Ingredients:

  • 1 tablespoon olive oil (15 ml)
  • 1 medium yellow onion, chopped (approx. 1 cup) (150g)
  • 2 cloves garlic, minced (approx. 2 teaspoons) (6g)
  • 1 red bell pepper, chopped (approx. 1 cup) (150g)
  • 1 jalapeño, seeded and minced (optional, for extra heat)
  • 1 teaspoon chili powder (5 ml)
  • 1 teaspoon cumin (5 ml)
  • 1/2 teaspoon smoked paprika (2.5 ml)
  • 1/4 teaspoon cayenne pepper (optional, for extra heat) (1.25 ml)
  • 6 cups chicken broth (1.4 liters)
  • 1 (10 ounce) can enchilada sauce (280g)
  • 1 (15 ounce) can black beans, rinsed and drained (425g)
  • 1 (15 ounce) can corn, drained (425g)
  • 2 cups cooked shredded chicken (approx. 300g)
  • 1/2 cup heavy cream (120 ml)
  • Salt and black pepper to taste
  • 2 tablespoons chopped fresh cilantro, for garnish
  • Shredded cheddar cheese (optional)
  • Sour cream (optional)
  • Avocado, diced (optional)
  • Tortilla chips (optional)

Instructions:

  1. Heat olive oil in a large pot over medium heat.

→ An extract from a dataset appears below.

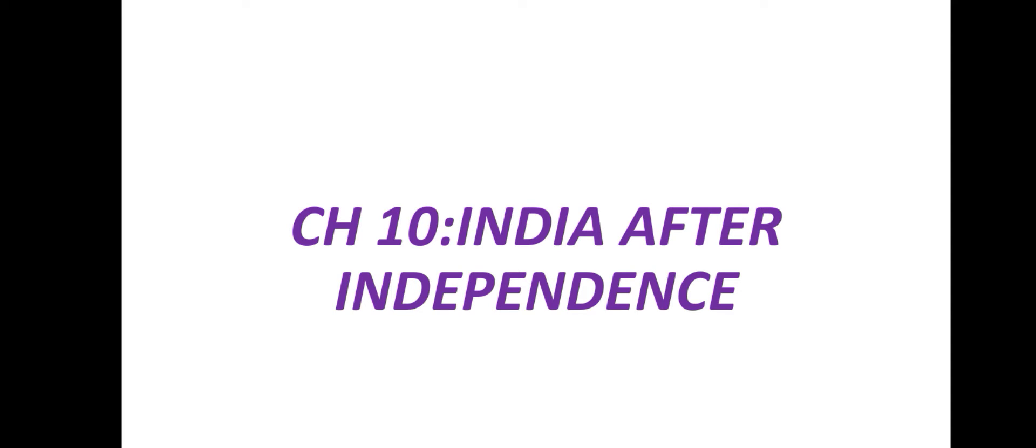Hi my dear students, in this video we are going to see grade 8 social history chapter 10 India after independence. Actually we all know that we got independence on August 15th 1947, but we got independence for not one country, two countries, that is India and Pakistan. Pakistan was separated from us during our independence.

Add onion, garlic, bell pepper, and jalapeño (if using) and sauté until softened, about 5-7 minutes.
  2. Stir in chili powder, cumin, smoked paprika, and cayenne pepper (if using). Cook for 1 minute, until fragrant.

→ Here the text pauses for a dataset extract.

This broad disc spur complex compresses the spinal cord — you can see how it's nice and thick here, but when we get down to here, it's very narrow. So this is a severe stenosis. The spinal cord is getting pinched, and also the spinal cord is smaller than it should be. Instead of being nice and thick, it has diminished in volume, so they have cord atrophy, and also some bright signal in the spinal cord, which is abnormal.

  3. Pour in chicken broth and enchilada sauce. Add black beans and corn. Bring to a simmer.
  4. Reduce heat to low, cover, and simmer for 15 minutes to allow flavors to meld.
  5. Stir in shredded chicken and heavy cream. Heat through. Do NOT boil after adding cream.
  6. Season with salt and black pepper to taste. Ladle into bowls and garnish with cilantro and desired toppings. Enjoy your enchilada soup!